Launch day was something I didn’t want to put too much thought into. At first, I just wanted the day to happen without too much fanfare. But I knew I would regret not celebrating this little why not of a book. So, I began my day at the zoo with my daughter’s kindergarten, then had lunch with a few friends. That’s all I had planned and I was good with that.
God had a little fanfare of His own.
I walked out of the house that morning and my favorite flower had bloomed. I carried purple irises in my wedding and we just happen to have tiny purple irises at the bottom of our front steps. Just one iris bloomed for me that morning. This little wink from God reminded me that He has been with me from the beginning.

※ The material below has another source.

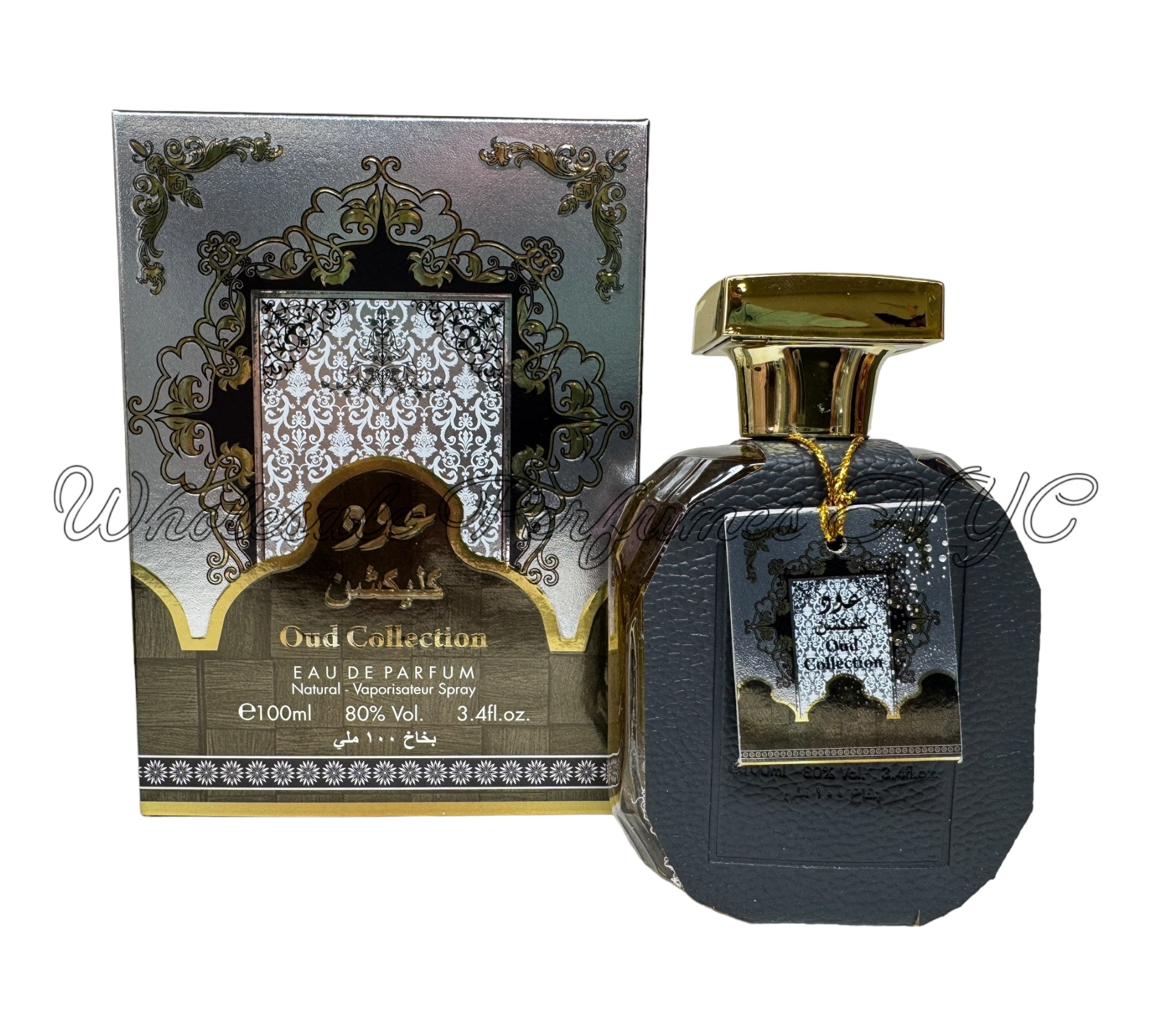 香水(男性用) SPECIAL OUD 100ml Eau de Parfum Special Oud Perfume 100ml | Special Oud Eau De Parfum for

I relished my time with my kindergartner at the zoo. This was her first zoo experience (that she remembers) so watching her excitement while a massive giraffe licked food from my hand was priceless. It made me so thankful that I took the time, in an already busy day to be there with her. This was a hug from God who pressed into me five years ago, to step away from the busyness and to cherish my family more.
Lunch with a few friends who have been my little cheering section through the past year was all I needed to end my day. I so appreciated their thoughts and feedback on my manuscript as well as being genuinely excited for me. I moved here almost two years ago. God placed each of them in my life for a significant reason. A reminder that His plans are always better than mine.
After everyone left and my kiddos arrived home from school, I went to my room, shut the door and laid down. I needed some time to breathe and reflect. I opened up Facebook and someone I didn’t even know posted this to my timeline.
Somehow my why not book is on a list. A list that says its a #1 New Release. I don’t know how it qualifies to be there, but I don’t really care. Its on a list that I never in a million years thought would happen. I am glad God reminds me because I often forget, “Now to him who is able to do above and beyond all that we ask or think according to the power that works in us”.(Ephesians 3:20)
Two days later this why not is still at the top of that list.
Friends, don’t be afraid to ask “Why not?” If you feel God has gifted you in an area of your life and you have yet to take the steps to pursue it then, why not? You have nothing to lose and so much to gain because you will see God taking that little why not above and beyond all you could ask or think.
Thank you for all of your support. I can’t wait to see where this why not book will go next.